DANGER South of the Border  | American Journalism Review
 AJR  Features :    FIRST PERSON    
From AJR,   April 1992

DANGER South of the Border   

While the U.S. press sends cash and coaching to help its colleagues in Eastern Europe, journalists in Latin America are fighting for their liberty and their lives.

By James McClatchy
James McClatchy, publisher and chairman of the board of McClatchy Newspapers, is president of IAPA.      

No longer are reporters and editors being jailed or executed for exercising free speech in Eastern Europe – but they are regularly threatened and murdered in Latin America. No longer are business employees of newspapers disappearing in Poland, Hungary, Czech-oslovakia or Romania because their newspaper offended some powerful interest – but they still disappear in Latin America. No longer are journalists in Eastern Europe censoring themselves for fear of offending somebody – but they are in Latin America.

At least 19 journalists have been killed in the war in Yugoslavia, and undoubtedly there will be more as civil war and the turmoil in the former Soviet bloc countries or republics continues. But no Latin American countries are at war, and boundaries are settled. Guerrilla war, assassinations and other terrible events there are part of ordinary life, not a reflection of organized warfare.

While this comparison is startling, what is shocking is the relative lack of concern of most of the U.S. and Canadian press for their colleagues to the South. North American journalists, production experts and others have gone to Eastern Europe to train people in the techniques of a free press. This has been a marvelous outpouring of help, with substantial amounts of money and machinery for new publications. It's a good cause.

Yet it is like pulling teeth to get North American newspapers to participate in programs supporting a free press in Latin America. As exciting and nerve-racking as events are in Eastern Europe, what happens south of the border – particularly in Mexico – will have much more profound long-term effects on the United States and Canada.

All over Latin America, editors, reporters, business managers, circulation directors and other staff people are subjected to enormous pressures if their papers have the courage to report controversial events in their communities. An impressive percentage of them are as heroic as those who called for liberty in Eastern Europe.

In September 1991 terrorists kidnapped Cristián Edwards, an editor of El Mercurio of Santiago, Chile's largest newspaper, and a member of the family that owns the paper. Five months later he was released, presumably after a ransom was paid. Perfunctory reports of his disappearance and release may have appeared in some news briefs in some North American papers but to most it was a non-event.

If a prominent editor had been kidnapped in one of the Eastern European countries or former Soviet republics by a terrorist group, the matter would have attracted great attention in the United States. Statements of concern and offers of help and so on would have come from the U.S. and probably the Canadian newspaper world.

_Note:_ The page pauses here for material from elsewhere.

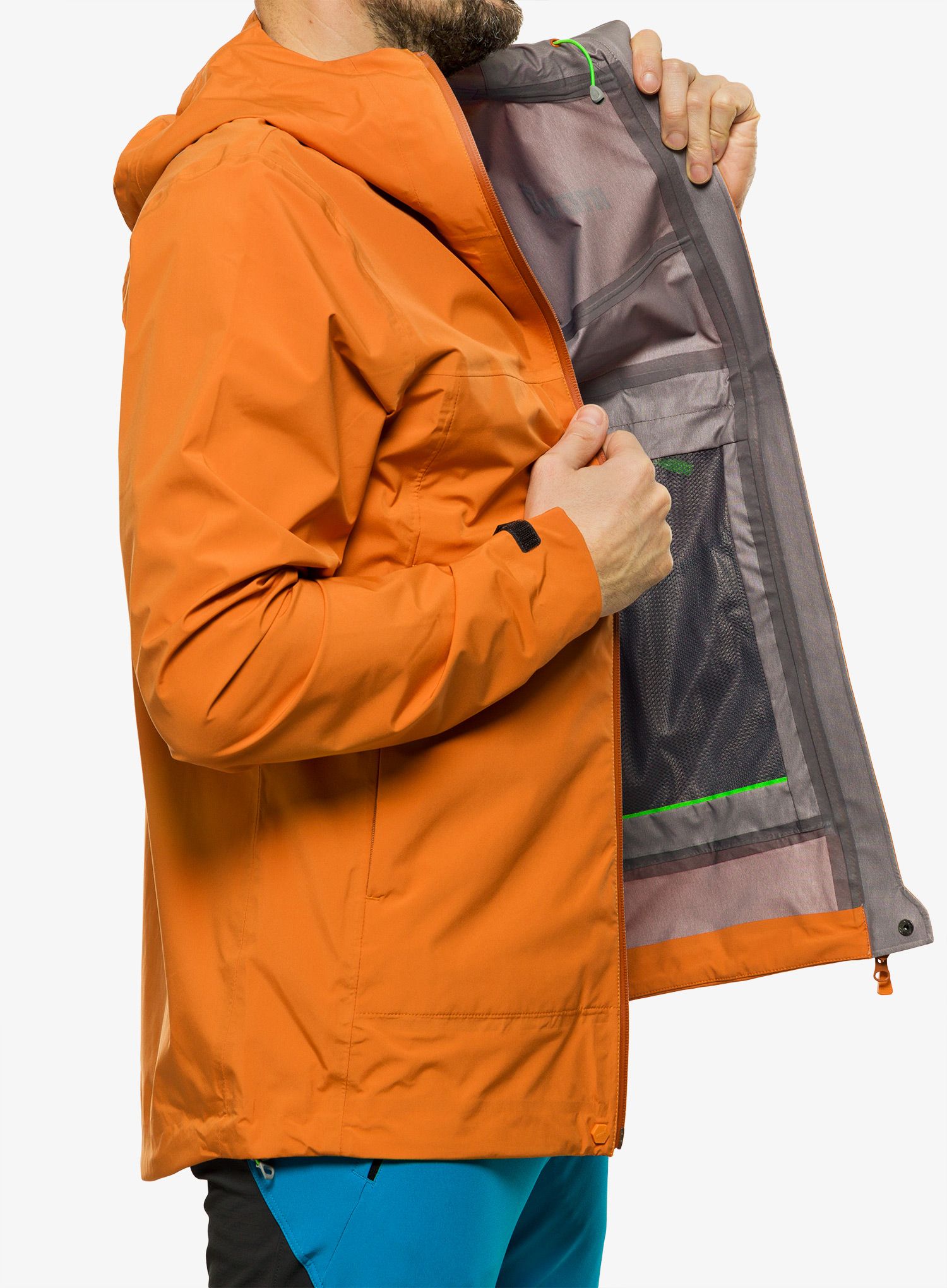 Куртка дощовик Inov-8 Venturelite Jacket FZ - orange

A free press must exist in Latin America if the democracies there are to survive, and their survival is crucial to the well-being and security of the United States and Canada. Actions to intimidate the press in Latin America are a danger to the U.S. just as they are in Eastern Europe. In Latin America they are common and sometimes dramatic.

In Venezuela in February, after a military coup against President Carlos Andrés Pérez failed, the government sent censors to selected newspapers, TV stations and magazines. Officials also visited the executives of the country's major newspapers, asking them to self-censor stories about the coup, its causes and consequences. Police told editors of El Nacional, the country's major paper, they would have "problems" if they published an ad criticizing the president and his administration. The censors forced El Nacional to kill a story critical of the president. The editors, to their credit, left white space on the page where the story would have gone.

In addition, the government confiscated most of the press run of an important daily, El Nuevo País, because the paper reported on the social unrest that precipitated the attempted coup. Police also raided the offices of a weekly newsmagazine to confiscate what copies they could find after it printed a front-page photo of the leader of the failed coup.

Not every North American news organization is oblivious to such situations. The Inter American Press Association, made up of journalists from North America, the Caribbean and Central and South America, was instrumental in getting the president of Venezuela to rescind his censorship orders. This change of heart occurred after IAPA members and executives of major Venezuelan papers met with the president.

Miami-based IAPA, formed in 1942 to help newspapers resist the pressures and violence of dictators, reports on and tries to prevent the persecution of journalists. But IAPA's modest resources limit what it can do. The group rejects government funds, operating on fees from seminars, foundation grants and member newspapers' dues. But only 105 U.S. papers are individual members, and although 18 corporate U.S. members represent 741 papers, dues income from the 105 individual papers is substantially more than that from the 741 owned by the corporations.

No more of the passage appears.